The man does not have a property right to the golf balls (other than his own).

Before the balls were collected, they were on the premises of the golf course. The question then is, at that point was the golf course legally considered to be their possessor (even if not necessarily their owner)? If so, the prior possession by the golf course would make it potentially theft for the man to take them without the permission of the golf course. A similar case I saw some references to, although in England rather than New York, is Hibbert v McKiernan [1948]. It seems that in this case, the golf course was ruled to be the possessor of the golf balls at the bottom of a lake on the course. Some notes I found online state that it was viewed as relevant that the balls were stuck in the mud and thus 'fixed to the land'. It might also be relevant if the golf course has taken actions showing that it asserts some level of control over the property.
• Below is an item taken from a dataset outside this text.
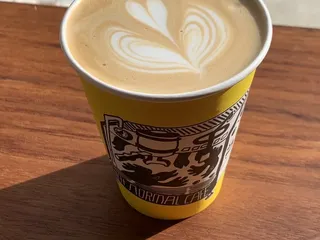 Ain't Normal Cafe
On the other hand, the fact that the golf course is open to the public in the scenario that you describe may act against its ability to assert a right of possession to the abandoned golf balls on its premises (Hibbert v McKiernan dealt with a man trespassing on a private golf course).

If golf course was the possessor, and the man intends to permanently deprive the golf course of the golf balls, while knowing that he does not have a right to the property and that he does not have the permission of the golf course to take the balls, I think this could fall under "common law larceny by trespassory taking". This does not require that he (or anyone else) know who the rightful owner of the property actually is, other than that it isn't him.

All of this notwithstanding, if the man believed, correctly or incorrectly, that he had a right to the balls (e.g. if he thought he had permission from the golf course to take them; or possibly if he thought that by finding them he was their rightful owner) he would not be guilty of stealing them because he would lack the necessary criminal intent.